27 The report says that the ‘onsite investigation’ commenced at approximately 9.30am on 25 October 2004 with Mr Jason Frost and Mr Joshua Taylor from Ferrier Hodgson undertaking the investigation. A Notice of Inspection and Audit was given to Ms Wild and Mr Livoni and the process of investigation was explained to them. The report confirms that the directors asked to speak to their lawyer. Ferrier Hodgson agreed to that request. The report says that Ms Wild said that she was not able to contact her lawyer but would call the Applicant’s accountant to discuss the investigation. Ms Wild requested Mr Frost to speak to the Applicant’s accountant ‘as the directors did not feel that the investigation should take place’. The report says that Mr Frost spoke to the Applicant’s accountant on the telephone for a short period. The report says the accountant expressed a view that he was not certain that the investigation could take place or that a copy could be made of the Optomate database operated by the Applicant. The report says that Mr Frost advised the accountant ‘of the right of Budget Eyewear, or its agent, to conduct the investigation and that a notice of investigation had been provided to the directors pursuant to the franchise agreement’ and that ‘a copy of the computer system was required for the investigation’.
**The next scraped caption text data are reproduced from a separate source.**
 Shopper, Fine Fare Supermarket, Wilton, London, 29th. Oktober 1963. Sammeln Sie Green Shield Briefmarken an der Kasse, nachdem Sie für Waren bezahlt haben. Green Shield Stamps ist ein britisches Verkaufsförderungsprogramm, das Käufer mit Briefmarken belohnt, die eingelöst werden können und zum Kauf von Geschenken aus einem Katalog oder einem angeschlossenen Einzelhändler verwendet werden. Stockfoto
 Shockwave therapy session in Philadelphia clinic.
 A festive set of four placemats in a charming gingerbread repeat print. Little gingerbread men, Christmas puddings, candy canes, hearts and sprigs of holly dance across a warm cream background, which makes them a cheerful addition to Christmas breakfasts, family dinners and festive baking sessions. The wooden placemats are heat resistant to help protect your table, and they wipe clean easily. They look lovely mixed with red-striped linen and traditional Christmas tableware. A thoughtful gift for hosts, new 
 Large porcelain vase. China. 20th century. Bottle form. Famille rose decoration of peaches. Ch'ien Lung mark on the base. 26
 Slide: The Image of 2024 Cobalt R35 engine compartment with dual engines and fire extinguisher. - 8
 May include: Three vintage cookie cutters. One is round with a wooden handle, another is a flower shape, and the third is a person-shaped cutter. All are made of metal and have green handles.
28 Paragraph 3.1.5 of the report confirms that the Applicant’s accountant expressed further concern over the possibility that the computer operating the Optomate database may also contain information of a private or confidential nature and that Mr Frost briefly explained that the computer was being used to maintain ‘the books and records of the franchise and accordingly it would be subject to the investigation’.
29 After these discussions, the ‘investigation then commenced and a forensic image of the computer, within which the Optomate database operates, was obtained’ (paragraph 3.1.6). The report confirms that on the morning of the first day of the investigation the directors of the Applicant were provided with a formal notice requiring them to deliver all books and records relating to the franchise for the period 1 July 2002 to 22 October 2004, to Ferrier Hodgson. On the afternoon of the first day of the investigation, the directors were questioned in respect of the manual cash receipt books and availability of records at the site. A part time employee of the Applicant, Ms Mary-Anne Brunjes, was interviewed by Ferrier Hodgson on the second day of the investigation concerning her role, the procedures she followed and what instructions she had been given by the directors particularly in relation to the recording of sales and the use of manual cash receipt books. Other staff of the Applicant were also interviewed.
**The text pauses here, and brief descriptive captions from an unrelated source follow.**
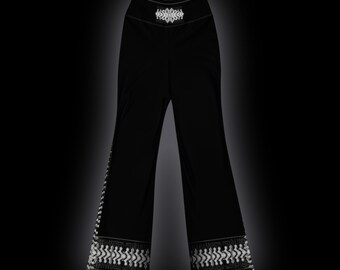 May include: Black high-waisted pants featuring a white geometric pattern at the waistband and a matching white decorative border along the bottom hem of each pant leg. The pants have a straight-leg cut and a solid black fabric construction.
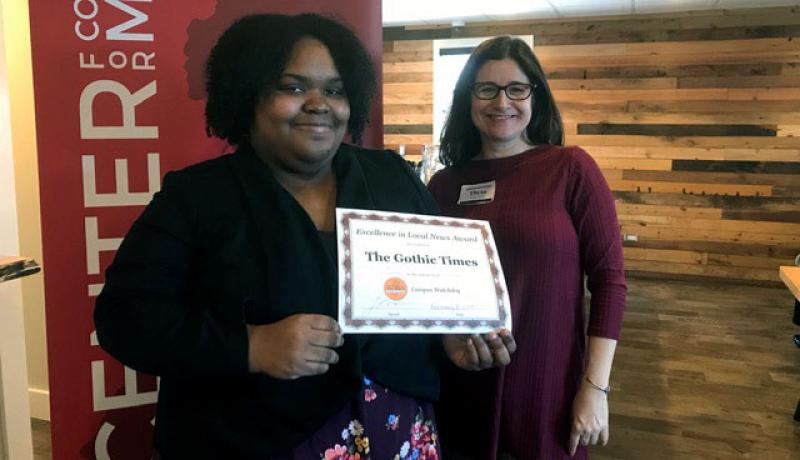 Editor-in-Chief Kenise Brown and adviser Theta Pavis-Weil with award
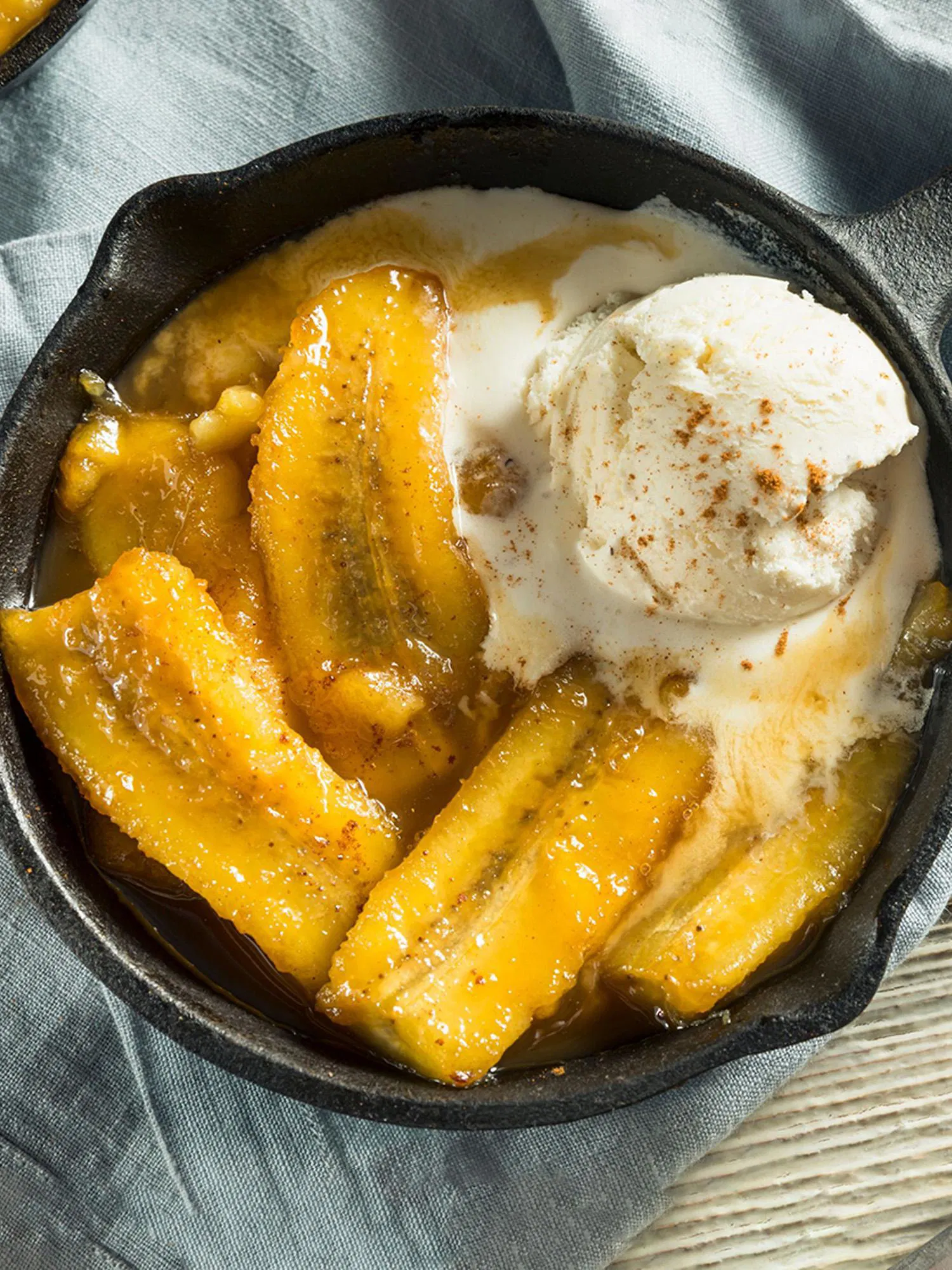 Caramelized bananas in a small cast iron skillet topped with a melting scoop of vanilla ice cream and cinnamon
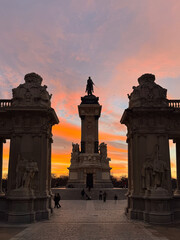 Madrid, Spain - July 9, 2025: Monument to Alfonso XII, colonnade and Great Pond in El Retiro Park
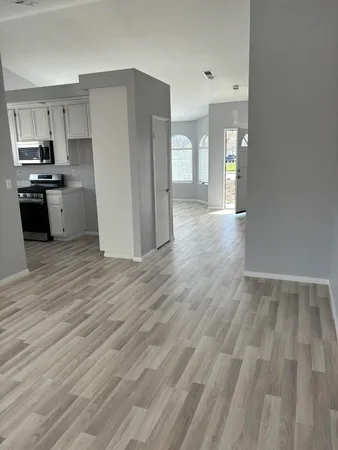 a kitchen with granite countertop a refrigerator and a stove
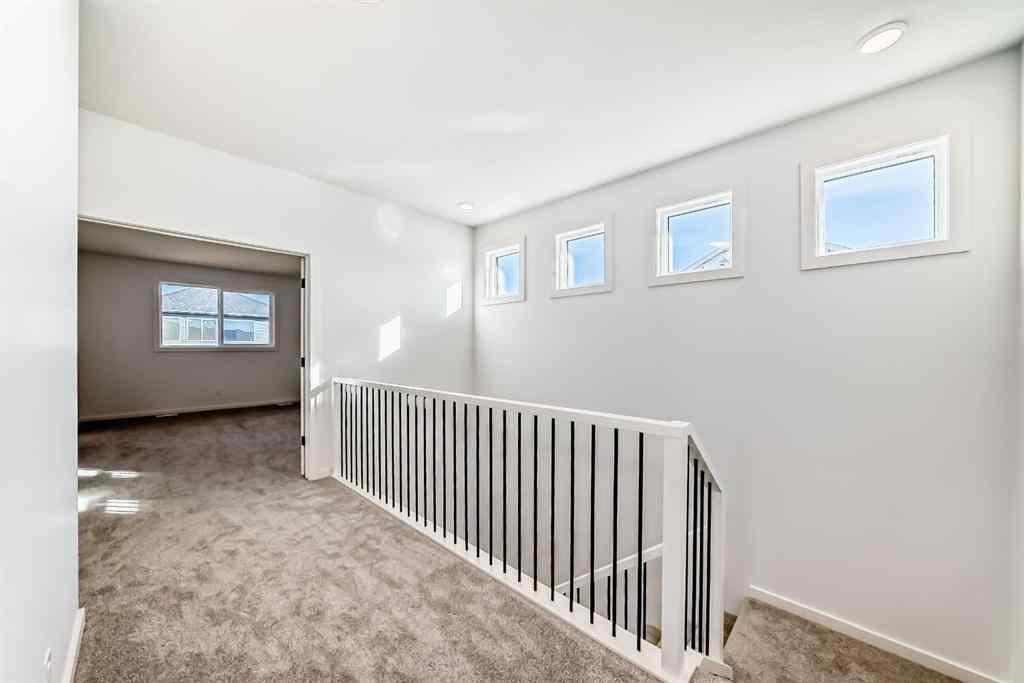 MLS® A2266517 - 52 Creekside Path SW in Pine Creek Calgary, Residential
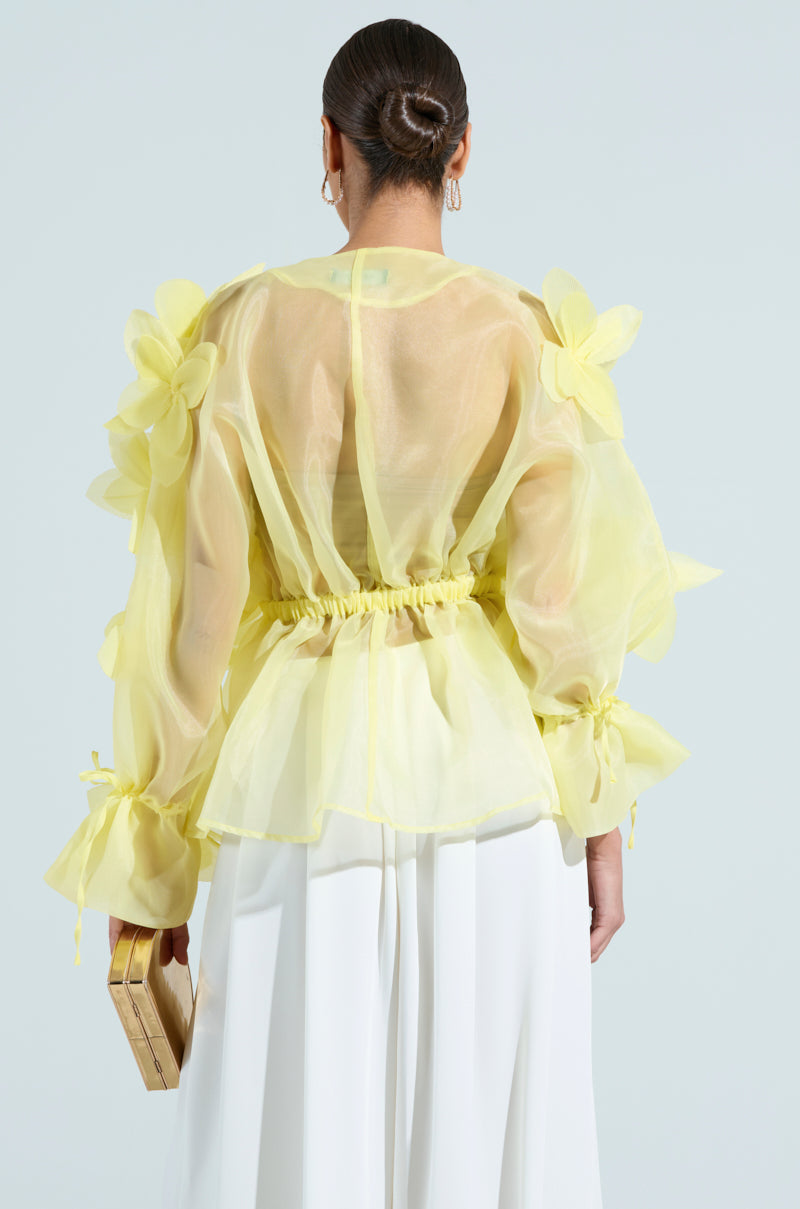 Someone with a neat bun is wearing the BLOOM BLOUSE IN BABY YELLOW, featuring large floral appliques. They're holding a small rectangular clutch and wearing white pants against a plain, light background.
30 Throughout the report, these events are systemically described as an ‘investigation’.
31 On 21 June 2005, a letter was sent by the solicitors for the Respondent to the solicitor for the Applicant enclosing a document described as Notice of Breach and Intention to Terminate Franchise Agreement. By this document, the Respondent gave the Applicant notice of its intention to terminate the Franchise Agreement on 1 August 2005 unless the Applicant remedied nominated breaches by effecting the rectification steps A to E in the Notice by 5.00pm, 31 July 2005. The Notice was given under clauses 16.1, 16.2 and 16.3.8 of the Franchise Agreement and paragraphs 21 and 23 of the Franchising Code of Conduct (“the Franchising Code”). Seven grounds of termination are identified in the Notice.
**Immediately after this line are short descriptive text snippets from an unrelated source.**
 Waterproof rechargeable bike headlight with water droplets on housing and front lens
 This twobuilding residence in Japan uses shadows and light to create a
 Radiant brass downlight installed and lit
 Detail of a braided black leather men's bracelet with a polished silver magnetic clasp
32 The Applicant says that the Notice of Intention to Terminate subsequently relied upon by the Respondent in a Notice of Termination dated 15 September 2005 rests upon seven grounds derived from the report prepared by Ferrier Hodgson. The Applicant says that the Respondent is not entitled to rely upon any of the grounds of termination because:
(a) the power exercised by the franchisor under clause 9.1 of the Franchise Agreement giving rise to the Ferrier Hodgson report could only be exercised upon reasonable notice to the franchisee and no notice was given;
(b) the Franchise Agreement is a commercial contract which is subject to an implied term that the Respondent will act in good faith and fairly in the exercise of a power conferred by the Franchise Agreement;
(c) the Respondent failed to act in good faith and fairly in the manner of the exercise of the power and in the scope of conduct undertaken in purported exercise of the power. The power is said to have been exercised oppressively, capriciously, in an arbitrary way and for an improper purpose;
(d) the obligation to exercise a power under clause 9.1 of the Franchise Agreement upon reasonable notice is either an expression of a proper construction to be given to the terms of the Franchise Agreement itself or alternatively, an incident of the content of the implied duty of good faith;
(e) the Respondent failed to exercise the power conferred by clause 9.1 of the Franchise Agreement according to its terms with the result that the process undertaken on 25 and 26 October 2004 is unlawful and of no effect;
(f) the exercise of the power constituted a breach of the Franchise Agreement and the Notice of Termination in reliance upon the grounds recited in the Notice of Intention to Terminate constituted a repudiation of the Franchise Agreement by the Respondent. The Applicant asserts that it has affirmed the contract and seeks by way of final relief in the action a declaration that the Notice of Termination dated 15 September 2005 is void and of no effect and an injunction restraining the Respondent from acting upon or implementing a termination of the Franchise Agreement, together with other relief;
(g) the report prepared by Ferrier Hodgson is fundamentally flawed by reason of the manner in which the information was obtained, reliance upon erroneous assumptions made within the report, misstatements of fact contained within the report and expressions of opinion without a proper basis;
(h) the conduct of the Respondent constitutes a contravention of s.51AC of the Trade Practices Act 1974;
(i) the Respondent’s failure to prepare and provide, as requested, a ‘disclosure document’ consistent with the requirements of the Franchising Code constitutes a contravention of s.51AD of the Trade Practices Act 1974 which has the effect of precluding the Respondent from exercising a power of termination under the Franchise Agreement should a basis for termination be established, on the ground that the Respondent’s conduct in contravening the Code demonstrates the Respondent is not ready, willing and able to perform its obligations under the Franchise Agreement and its behaviour is repudiatory.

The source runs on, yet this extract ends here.